Dalam Suluk Wujil juga disebutkan bahwa murid-muridnya menyebut Sunan Bonang sebagai Ratu Wahdat. Istilah ‘wahdat’ merujuk pada konsep sufi tentang martabat (tingkatan) pertama dari tajalli Tuhan atau pemanifestasian ilmu Tuhan atau perbendaharaan tersembunyi-Nya (kanz makhfiy) secara bertahap dari ciptaan paling esensial dan bersifat ruhani sampai ciptaan yang bersifat jasmani. Martabat wahdat ialah martabat keesaan Tuhan, yaitu ketika Tuhan menampakkan keesaan-Nya di antara ciptaan-ciptaan-Nya yang banyak dan aneka ragam. Pada peringkat ini Allah menciptakan esensi segala sesuatu (a’yan tsabitah) atau hakikat segala sesuatu (haqiqat al-ashya). Esensi segala sesuatu juga disebut ‘bayangan pengetahuan Tuhan’ (suwar al-ilmiyah) atau hakikat Muhammad yang berkilau-kilauan (nur muhammad). Ibn `Arabi menyebut gerak penciptaaan ini sebagai gerakan Cinta dari Tuhan, berdasar hadis qudsi yang berbunyi, “Aku adalah perbendaharaan tersembunyi, Aku cinta (ahbabtu) untuk dikenal, maka aku mencipta hingga Aku dikenal” (Abdul Hadi W. M. 2002:55-60). Maka sebutan Ratu Wahdat dalam suluk ini dapat diartikan sebagai orang yang mencapai martabat tinggi di jalan Cinta, yaitu memperoleh makrifat dan telah menikmati lezatnya persatuan ruhani dengan Yang Haqq.
Pengetahuan Diri, Cermin dan Ka’bah
Secara keseluruhan bait-bait dalam Suluk Wujil adalah serangkaian jawaban Sunan Bonang terhadap pertanyaan-pertanyaan Wujil tentang akal yang disebut Ada dan Tiada, mana ujung utara dan selatan, apa hakikat kesatuan huruf dan lain-lain.
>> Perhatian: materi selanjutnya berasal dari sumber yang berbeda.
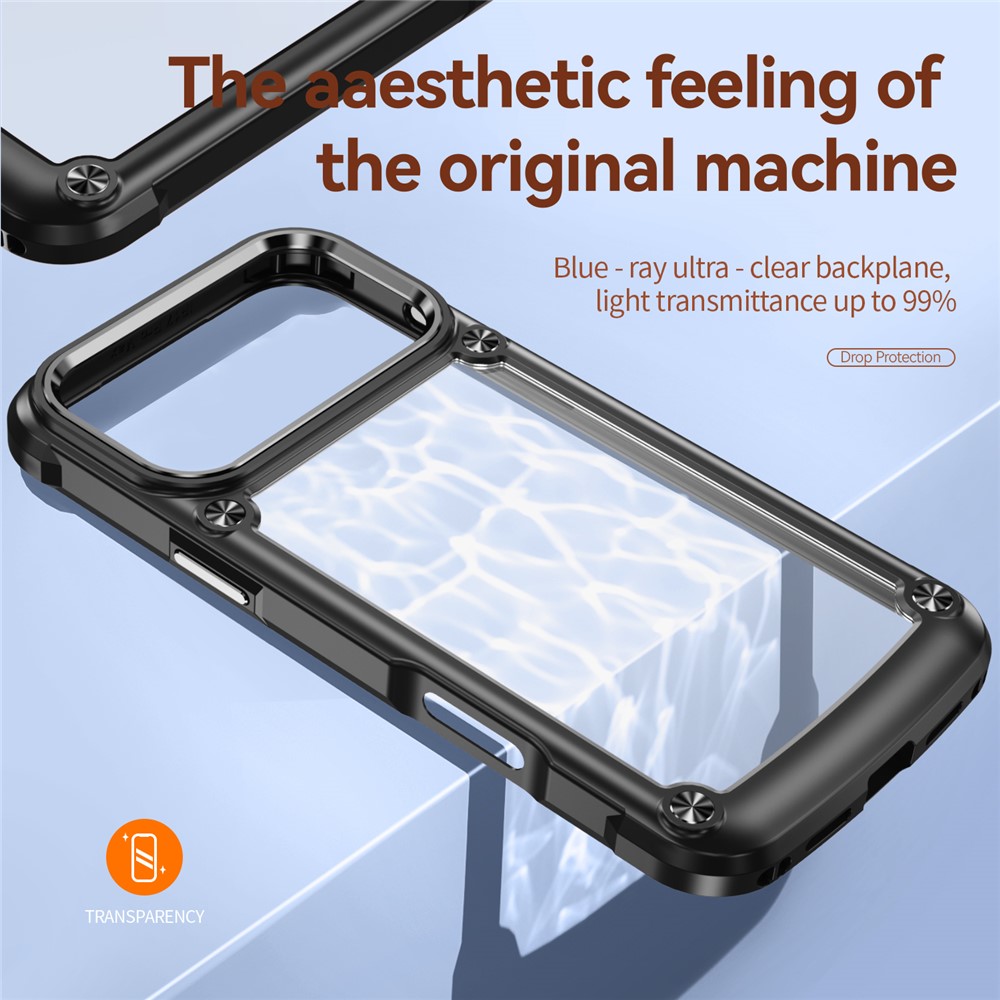  iPhone 17 Pro Max Skal Xtreme Shockproof Hybrid Svart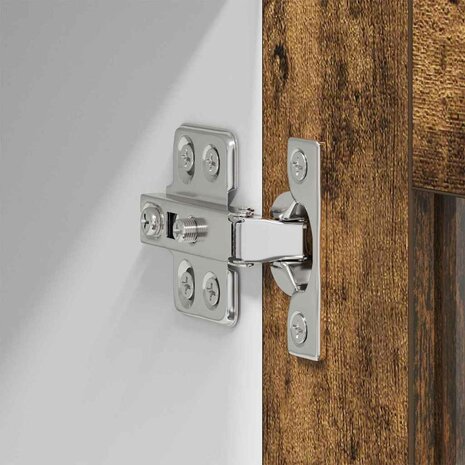 Hangkast Riga Gerookt eiken 40 x 31 x 40 cm Bewerkt hout 9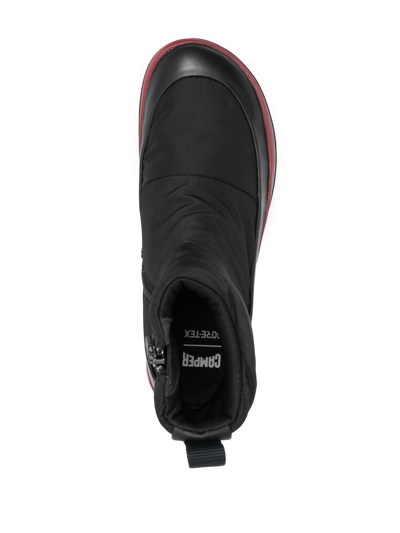 Camper 30mm Chunky Quilted Boots In Black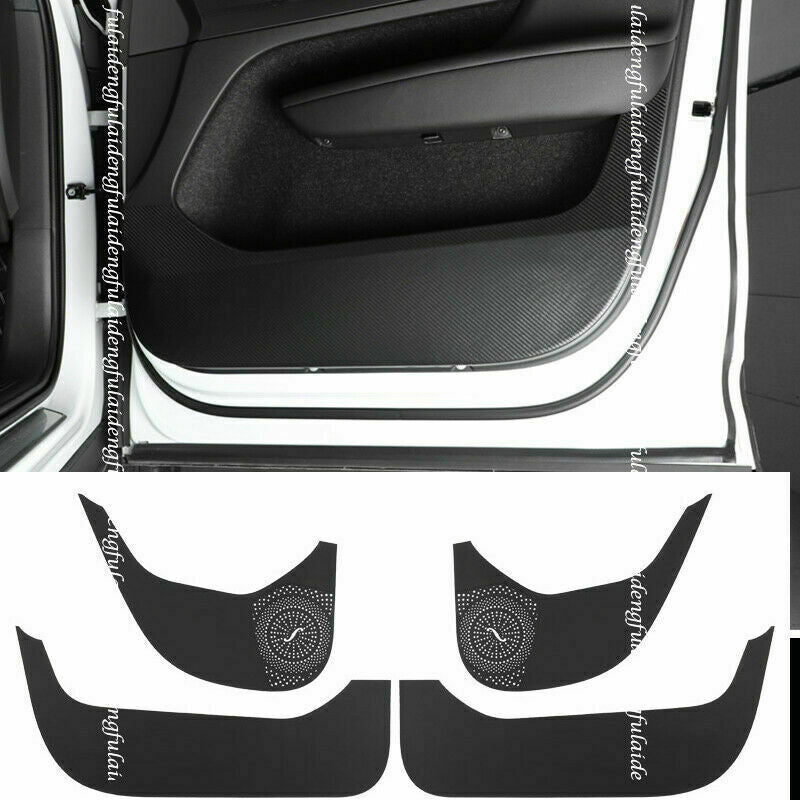 for Volvo XC40 2019-2022 PU Carbon fiber Look Door Anti-Kick Pad Protective Trim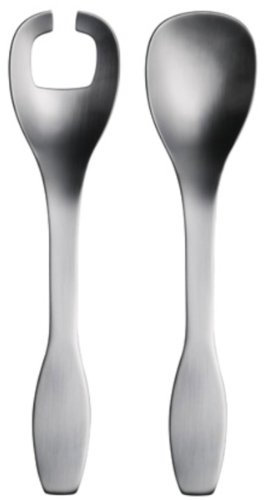 Iittala 1009875 Collective Tools Salatset 2-teilig, Edelstahl, Acciaio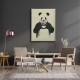Panda Kanvas Tablo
Secara berurutan jawaban yang diberikan Sunan Bonang berkenaan dengan soal: (1) Pengetahuan diri, meliputi pentingnya pengetahuan ini dan hubungannya dengan hakikat salat atau memuja Tuhan. Simbol burung dan cermin digunakan untuk menerangkan masalah ini; (2) Hakikat diam dan bicara; (3) Kemauan murni sebagai sumber kebahagiaan ruhani; (4) Hubungan antara pikiran dan perbuatan manusia dengan kejadian di dunia; (5) Falsafah Nafi Isbat serta kaitannya dengan makna simbolik pertunjukan wayang, khususnya lakon perang besar antara Kurawa dan Pandawa dari epik Mahabharata; (6) Gambaran tentang Mekkah Metafisisik yang merupakan pusat jagat raya, bukan hanya di alam kabir (macrocosmos) tetapi juga di alam saghir (microcosmos), yaitu dalam diri manusia yang terdalam; (7) Perbedaan jalan asketisme atau zuhud dalam agama Hindu dan Islam.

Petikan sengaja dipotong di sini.